New films off the beaten path

Friday, October 13, 2000

By Ron Weiskind, Post-Gazette Staff Writer

Much of the charm of the locally produced romantic comedy "Achilles' Love" lies in the way it reflects one of Pittsburgh's biggest virtues, its sense of community.


'Achilles' Love'


2 1/2 stars


The word has several meanings in director Meredith Cole's film, getting its first local commercial run at the Denis Theater (it has been shown here earlier under its previous title, "Achilles' Heel," in benefit screenings and as part of the Three Rivers Film Festival).
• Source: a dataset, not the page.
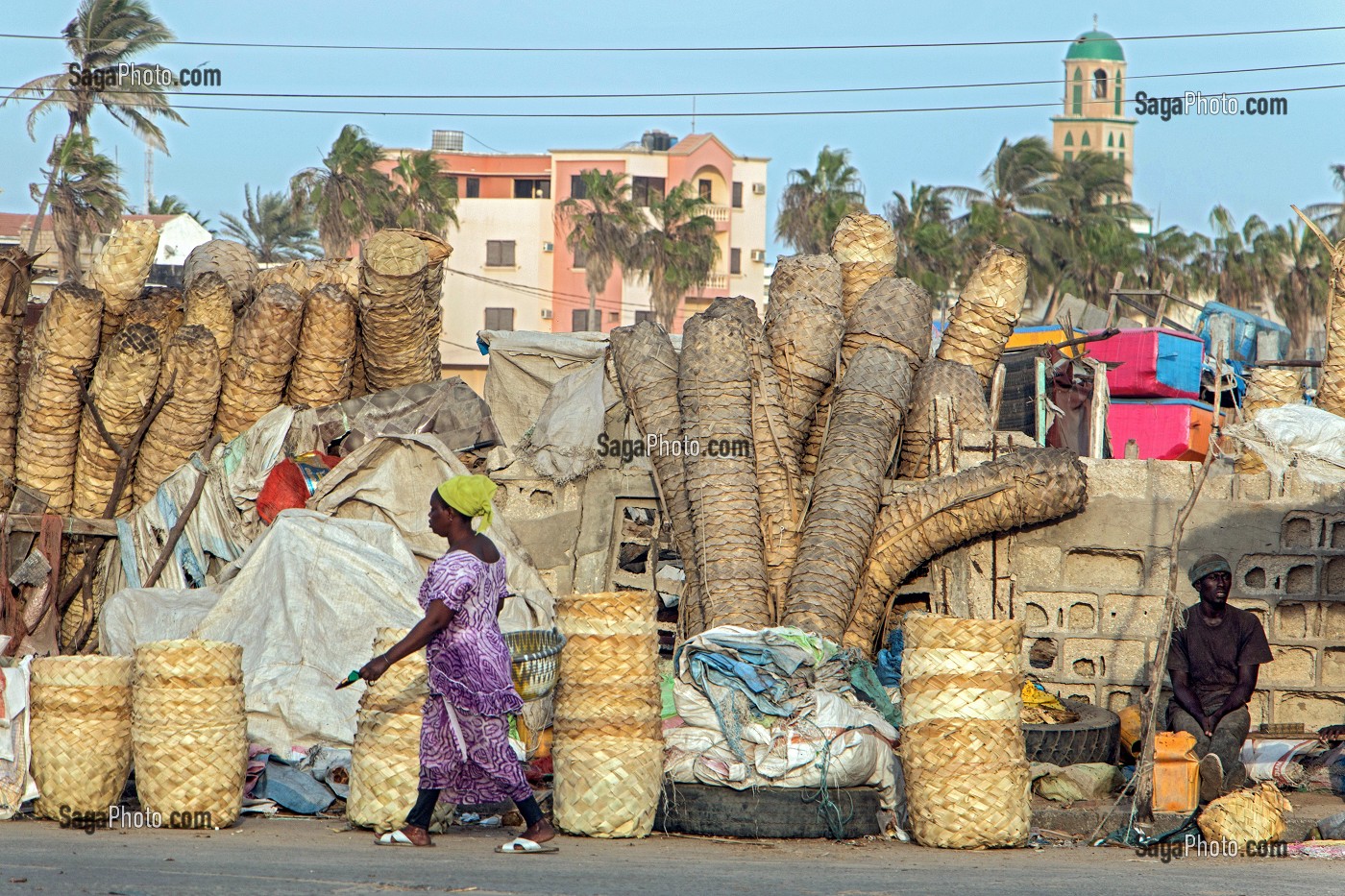 LES PANIERS POUR LES POISSONS, GUET NDAR, QUARTIER DU VILLAGE DES PECHEURS AVEC LES PIROGUES COLORES, SAINT-LOUIS-DU-SENEGAL, SENEGAL, AFRIQUE DE L'OUEST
The protagonist, a 30-year-old insurance agent named Achilles "Ike" Mannis (Mather Zickel), wears his Greek ethnic heritage proudly, even when the old men at the social club hector him about getting married. Their traditional dances play an integral part in several key scenes.

The movie offers appealing views of another of Ike's communities. He lives on the South Side, which looks in the movie like the ethnically diverse young people's paradise we dream the city at large could become. The movie feeds the fantasy with its occasional picture-postcard views of the Downtown skyline.

Ike lives in such a close-knit world that he finds the woman of his dreams, Lucy Boxwell (Claudia Besso), living across the hall from him. She works for a struggling dance company selected for a regional competition. Here is yet another community, the often supportive and sometimes backbiting world of the arts.

Yes, there is conflict swirling around (and sometimes within) these communities. Ike's father co-founded the company where he works by offering insurance to members of the Greek community, sometimes carrying them when they couldn't afford to pay. Ike's soulless new boss wants to cut them off, not understanding how the ties of community strengthen the company.

Ike falls for Lucy, but his conniving friend Connan Charles (John Mouganis, also the film's executive producer and co-writer with Heidi Haaland) also sets his sights on her, not knowing she's Ike's girl. Lucy, meanwhile, has her hands full just trying to keep the company afloat.

"Achilles' Love" exhibits some disadvantages of its low budget -- choppy camera work and editing, inconsistent acting. Some of the supporting characters are overplayed for comic or villainous effect.

But the overall effect is pleasing enough, and the movie exhibits one more sense of community -- a gaggle of local actors, including such stalwarts as Doug Mertz, Harry O'Toole and Zachary "Bill" Mott, and behind-the-scenes people, including producer Chris McIntyre.